*What the task asks*: The answer must be the lines from the one that holds "keuken in natuurlijk fineer" through the final line of the data, copied exactly, with no pictures.

[Extracted records]

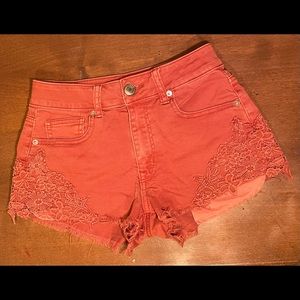 American Eagle Outfitters peach shorts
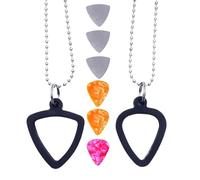 Picks Storage Necklace - Colorful Celuloid | Guitar Pick Holder Necklace, Electric Guitar, Portable Music Accessory, Bass Playing Supplies For Stage Concert Performance
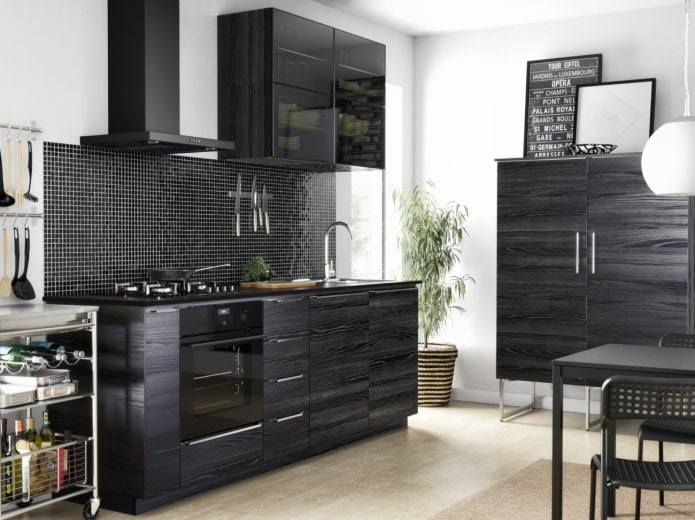keuken in natuurlijk fineer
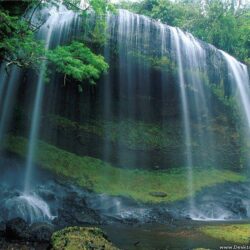 Desktop Wallpapers » Natural Backgrounds » Waterfall, Palau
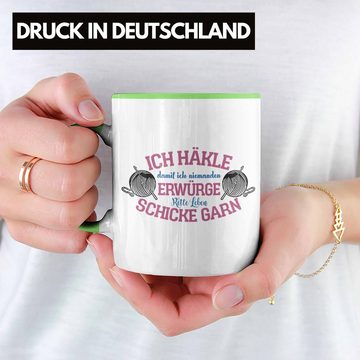 Trendation Tasse Garn-Tasse Geschenkidee für Strick- und Häkelbegeisterte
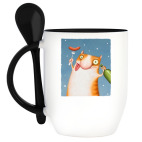 Кружка с ложкой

*Worked solution*:
keuken in natuurlijk fineer
 Desktop Wallpapers » Natural Backgrounds » Waterfall, Palau
 Trendation Tasse Garn-Tasse Geschenkidee für Strick- und Häkelbegeisterte
 Кружка с ложкой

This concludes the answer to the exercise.